Third, if the insurers nevertheless intend to rely on the Insured vs. Insured exclusion to try to preclude coverage for FDIC-R claims – even in the absence of a regulatory exclusion – the insurers should include language of the type at issue in the Tenth Circuit decision, in which the exclusion expressly precluded coverage for claims “brought by a receiver of a company.” In the absence of this type of language, an insurer arguably would lack a substantial basis on which to argue that the Insured vs. Insured exclusion unambiguously precludes coverage for FDIC-R claims.
It is worth noting that we went through all of these issues about the Insured vs. Insured exclusion years ago, during the Savings and Loan crisis. We have now gone through all of these issues again 25 years later, following the global financial crisis. If a couple of decades ahead we have to go through yet another banking crisis and the insurers find themselves besieged by FDIC-R claims against their insured banks, if the insurers want to try to preclude coverage for those claims, they will likely depend on whether or not the insurers have included a regulatory exclusion in their policies. In the absence of regulatory exclusions, the Insured vs. Insured exclusion alone is not going be enough for the insurers to preclude coverage for the FDIC-R claims.

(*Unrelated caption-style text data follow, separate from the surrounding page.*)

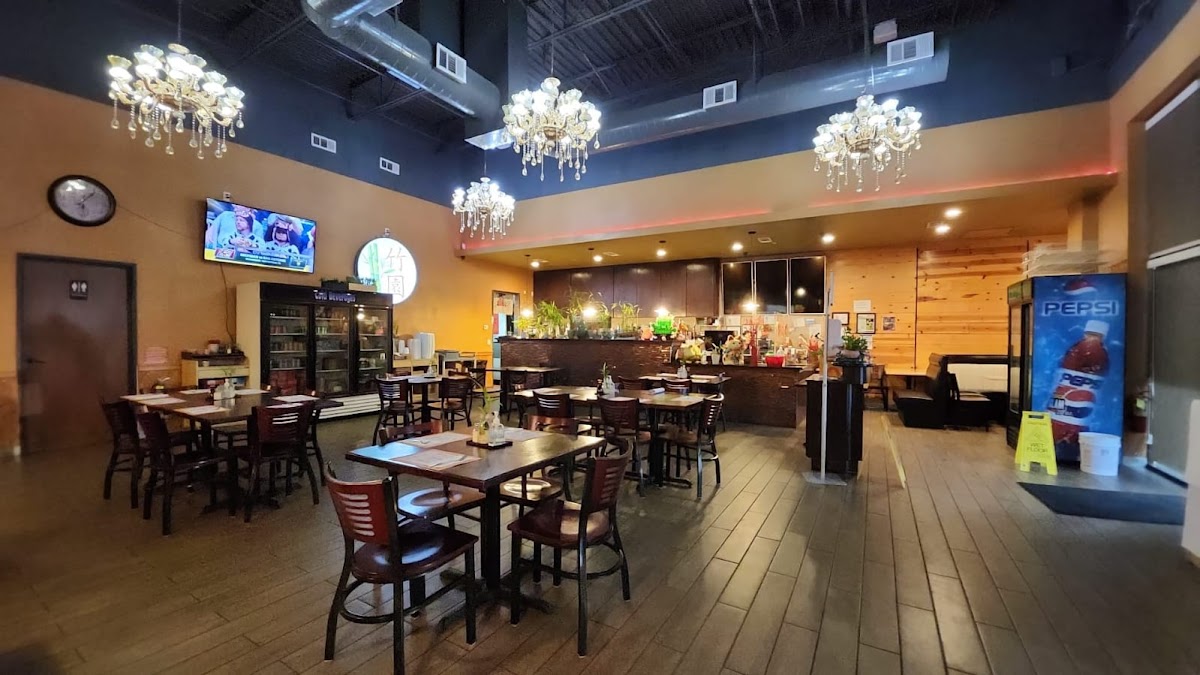 Lucky Bamboo Fine Chinese Kitchen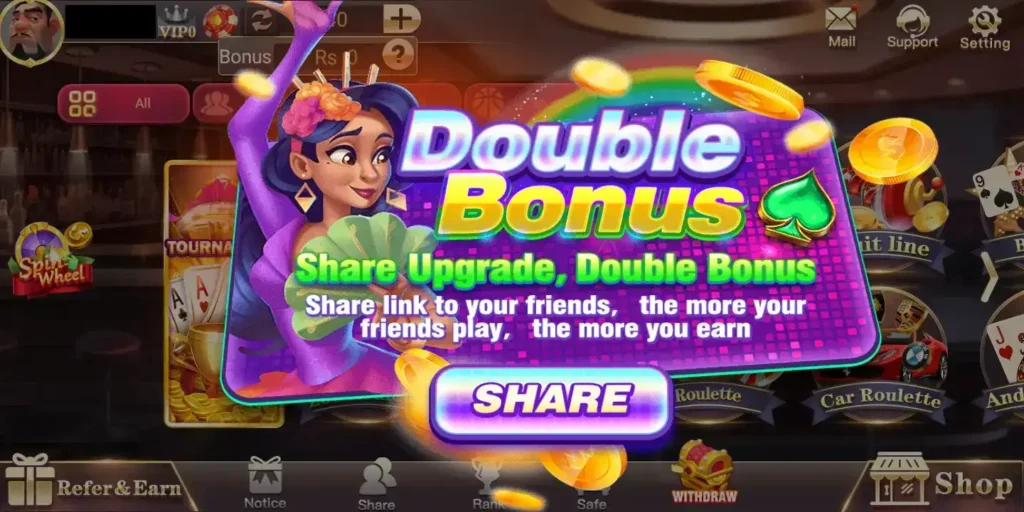 3 Patti Ludo Bonus Game Pakistan – Free APK Download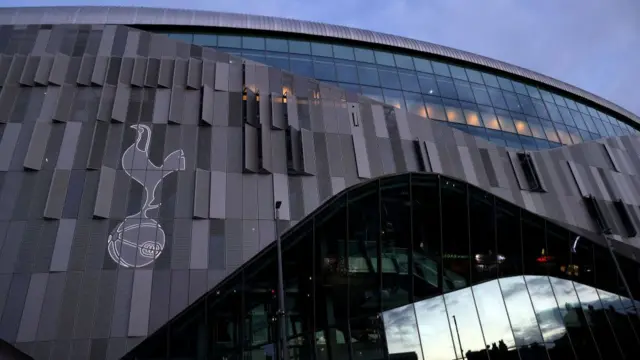 Tottenham Hotspur Stadium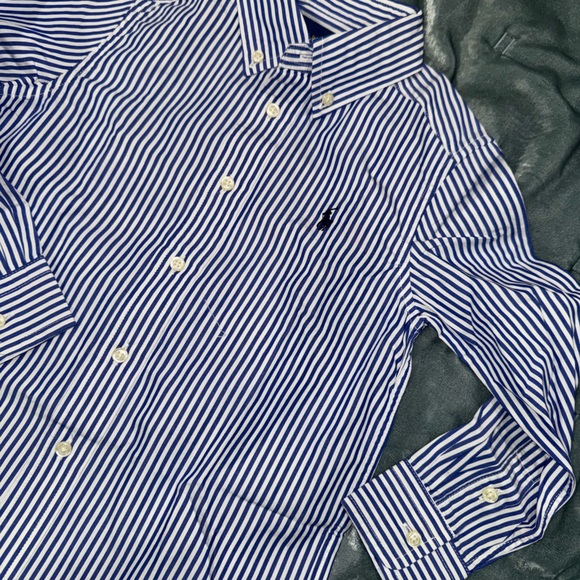 Ralph lauren button down - Picture 1 of 3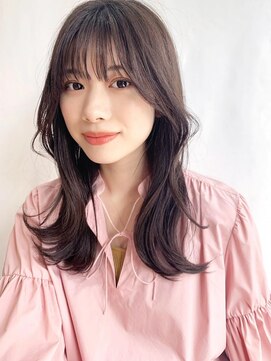 ケーツー心斎橋 クイーンズガーデン バイ ケーツー(K two QUEEN'S GARDEN by K two) ハイライト&赤み消しカラー/イルミナカラー2/心斎橋&難波&なんば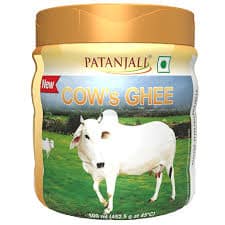 PATANJALI COW GHEE 500ML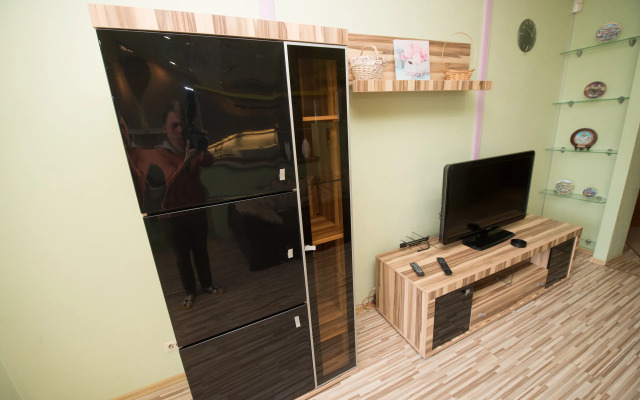 Апартаменты 3-комнатные на Строительной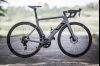 3T Strada Due TEAM FORCE - aero bike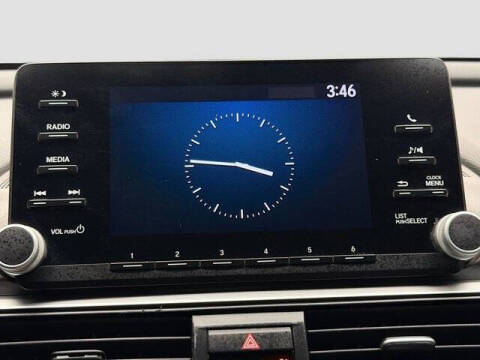 2020 Honda Accord LX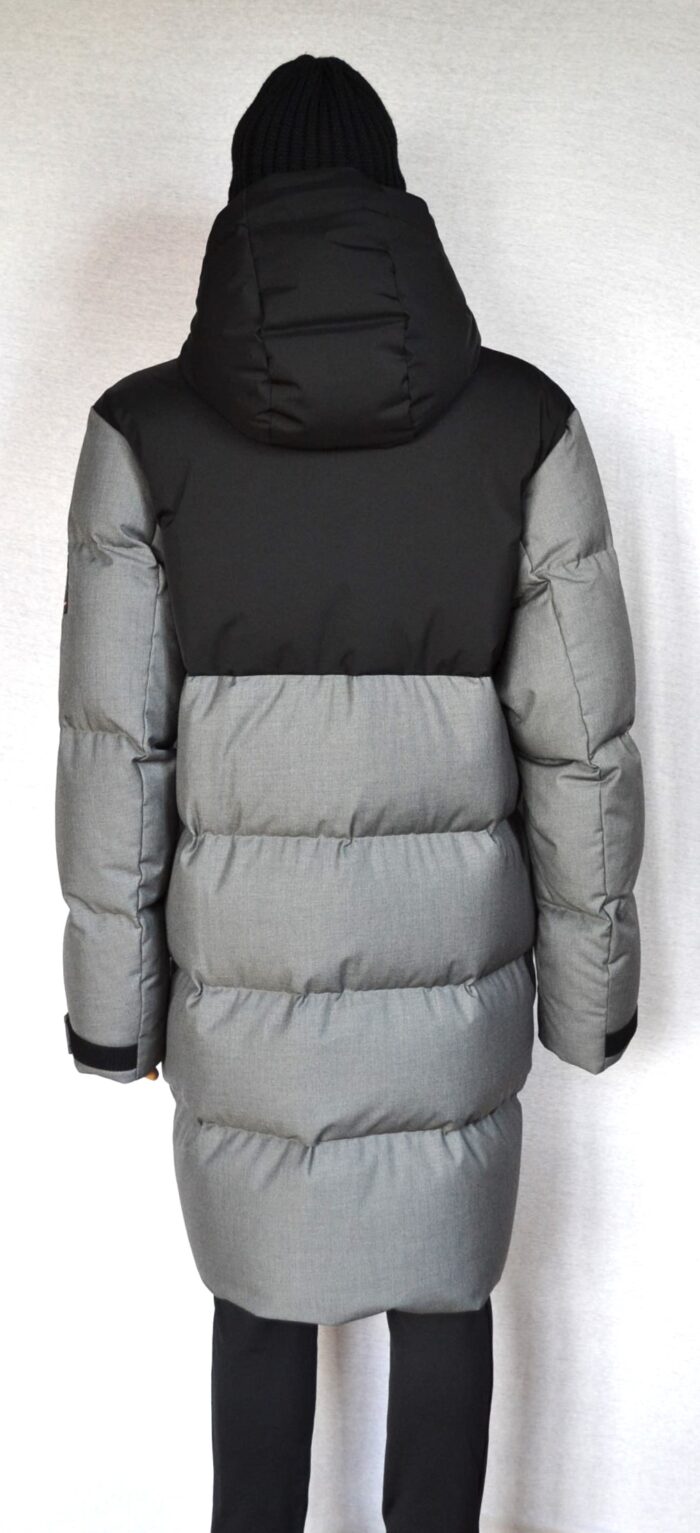 BOGNER FIRE+ICE WALT 3 HERREN DAUNENMANTEL PARKA GRAU SONDERMODELL Gr 50 L NEU – Bild 8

An October 2016 memo from the Hunton & Williams law firm discussing the Ninth Circuit’s opinion can be found here. The Wiley Rein law firm’s October 28,2016 memo about the Ninth Circuit’s decision can be found here. Special thanks to a loyal reader for sending me a copy of the Hunton & Williams law firm memo.
Insured vs. Insured Exclusion in Other Jurisdictions: The Insured vs. Insured exclusion is a frequent source of insurance coverage disputes. That is not only true in the U.S., it is true in other jurisdictions as well. As discussed in a November 1, 2016 memo from the Israeli law firm, Leviton Sharon & Co. (here), Israeli Supreme Court recently addressed the question of the applicability of the Insured vs. Insured exclusion to a claim brought by a court-appointed “operating manager” against the directors of an organization that provided services for mentally handicapped adults.
Following concerns at the organization, certain petitioners had previously successfully sought to have a court appoint an operating manager for the organization. The court-appointed operating manager subsequently filed claims against the organization’s former CEO and four other organization directors, as well as against the organization’s D&O insurer. The D&O insurer disputed coverage on a number of grounds, including the Insured vs. Insured exclusion. The lower court ruled that the exclusion did not apply, and the claimants appealed.
On appeal, the Israel Supreme Court overturned the lower court’s ruling with respect to the Insured vs. Insured exclusion. The Supreme Court’s ruling depended on the carve-back within the Insured vs. Insured exclusion, which preserved coverage for claims filed by a liquidator, receiver, or authorized administrator appointed by a competent authority.
In concluding that the underlying came within the exclusion’s coverage carve-back, the court said the purpose of appointing the operating manager had been similar to that of appointing an administrator to the company. Even though the court had not granted the operating manager the full powers of a liquidator or receiver, the essence of his role had been similar to that of an administrator. As a result, the claim came within the coverage carve-back and policy coverage applied.